Sunday, May 15, 2005

Chaos and Complexity Theory

Chaos and Complexity Theory by T.J. Titcomb was published in the 1998 Annual ASTD Info-line.

The article provides a brief overview of Chaos and Complexity Theory, then applies it to managing organizations.

She defines Chaos as
"The study of behavior in systems that appears random but reveals orderly
patterns at deeper levels. In a business sense, it describes random,
inherently unpredictable sequences over time in the performance indicators of an
organization."

As I was reading the article, I connected these thoughts back to my thought-experiement "Is Structure Important" and also to a discussion about feedback loops that I had in a graduate Social Psychology course.

Systems with feedback loops are self-balancing. The analogy my professor used was that of a theromstat. If it gets too hot, the heater shuts off. If it gets too cold, the heater turns on. If you contrast that to an open flame on your stove, which does not stop heating food when the temperature exceeds a certain level, but will continue to increase the temperature until the house burns down. Feedback systems are self-organizing and have the potential to "learn."

This made me think of the BugBots at MIT. Instead of writing a huge, complex central governing program, which is preprogrammed for all possible responses to the environment, the scientists/engineers at MIT wrote a bunch of small simple programs for reflex-like actions, then linked them all together with a feedback loop. Essentially the robot "learned" to walk each time it was turned on. It would run random programs and assess its motion. If it was moving forward, it would continue running that series of programs. If it was not moving forward, it would continue to try different random patterns of programs. It was very simple, elegant solution and it allowed the robots to operate in real-world environments. Before, using the central governing program, the robots could only respond in very specific environments to very specific cues. Essentially, the MIT people created a chaotic system that was self-organizing through feedback loops.

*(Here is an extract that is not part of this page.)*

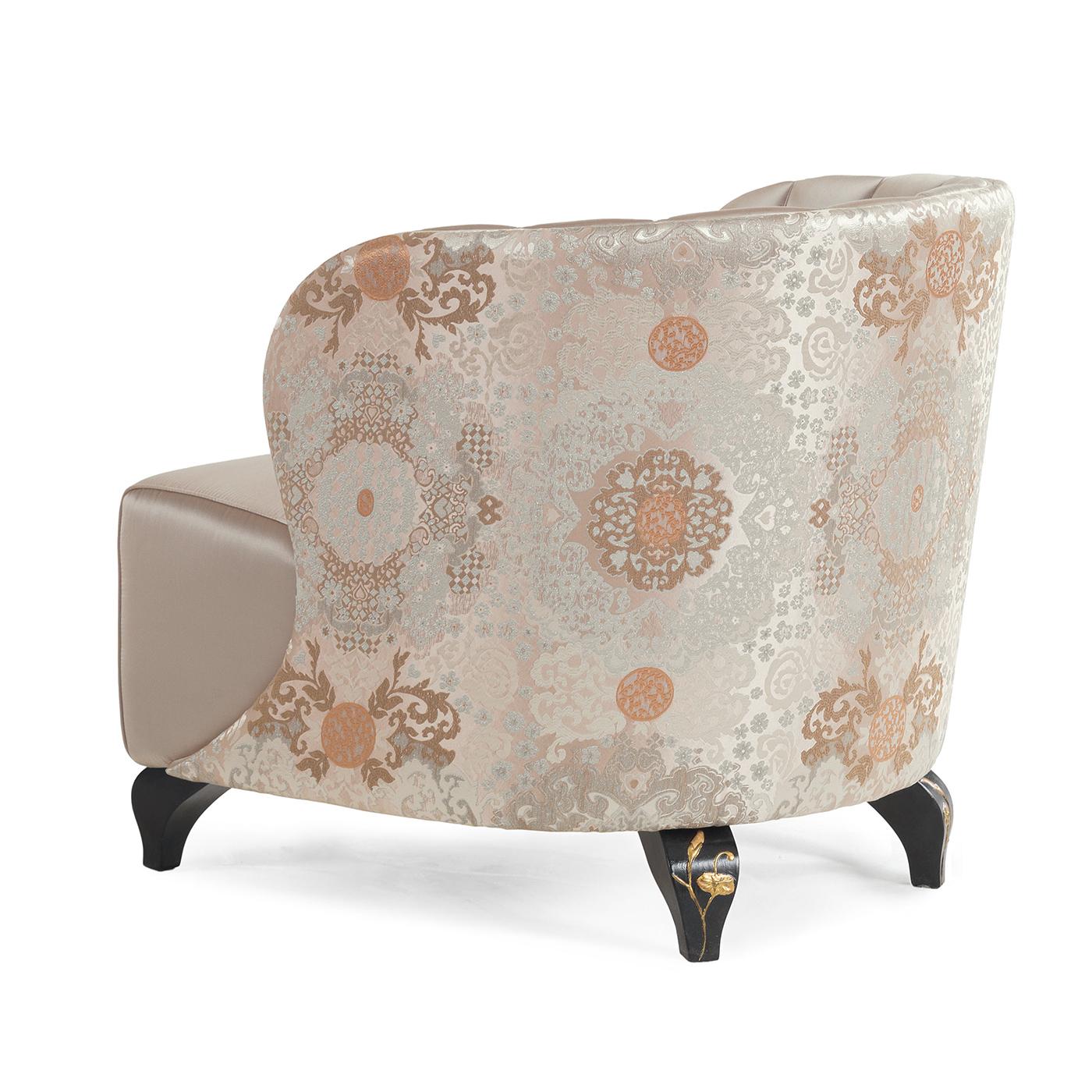 A magnificent piece of functional decor, this armchair will be a superb addition to an entryway, bedroom, or living room, where it can be also placed in the center of the room, to display the stunning decorations gracing its back and armrests. The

Feedback loops also made me think of the Thiagi workshop. Beyond the games and the interactions and the content, the one thing that he emphasized as being absolutely essential was the tests. That was where we were to concentrate everything we knew about instructional design. All of his training courses had the criteria that the students HAD to pass the test to pass the course. So if the tests were instructionally sound and really, truly measured the behavior that we wanted to change, then it didn't matter how the students learned the content: if they passed the test, they were able to do what they needed to do.

That is the key to the Thiagi design methodology and the answer to "Is Structure Important?" Structure is no more important than having a perfectly designed central governing program. Structured designs are efficient, programmer-centric and limited. It's the feedback loops, the tests that count, because that is where students measure and change their behavior.